No one ever really taught you how to do research. You get a desk, a problem someone else picked out, and a vague instruction to "make something new."
So most people reverse-engineer the job from what they can see—papers, posts, and announcements—and end up learning how to look like a researcher rather than how to be one. Real research ability is a stack of small skills, and almost every one of them can be cultivated through deliberate practice.
Choose Your Own Problems
Richard Hamming had a habit at Bell Labs that made him unwelcome at lunch. He would ask the person next to him what the important problems in their field were, and then ask them why they weren't working on those. People would switch tables.
The question stings because most of us don't have a good answer.
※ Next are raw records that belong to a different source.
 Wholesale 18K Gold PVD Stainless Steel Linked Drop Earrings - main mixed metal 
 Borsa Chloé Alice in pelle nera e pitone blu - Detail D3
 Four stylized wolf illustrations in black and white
We aren't choosing problems; we're absorbing them—from advisors, from last quarter's announcements by a big lab, from papers everyone is citing and sharing this week.
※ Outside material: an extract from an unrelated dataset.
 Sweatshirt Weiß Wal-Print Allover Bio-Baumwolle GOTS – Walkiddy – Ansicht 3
The trouble with absorbed problems is that you hold the conclusion but not the reasoning behind it. You know some famous lab cares about a direction, but you don't know why, what they expect to find, or what would make them abandon it.
You'll notice their pivot a year later. And on a problem that's already trending, you're racing against 1,000 people who started earlier and have more compute than you.
John Schulman's guide to ML research splits the work into two modes. In the first, you read the literature and look for things to improve. In the second, you choose an outcome you genuinely want to achieve and work backwards to design experiments.
He argues for the latter, the subtle reason being that it manufactures originality. A goal you actually care about will drag you into territory no review paper has ever covered.
As for "taste," people often discuss it as a talent. But it behaves more like a muscle.
Before running each experiment, predict its outcome; cover up a paper's results section and guess the data from its methods; note which results announced this month will still matter in two years, and later check your hit rate. One prediction plus one correction, repeated hundreds of times—every good model is trained that way, including the one in your head.
Upgrade Your Inputs
Shared reading lists produce shared ideas. If your information diet is just the arXiv trending list plus whatever filters through group chats, you'll inevitably reach the same conclusions as everyone else at the same time, making those conclusions nearly worthless.
Old material is severely undervalued. The field keeps replaying its own past with a delay: Mixture of Experts (MoE) traces back to 1991, LSTMs to 1997, backpropagation went mainstream in 1986.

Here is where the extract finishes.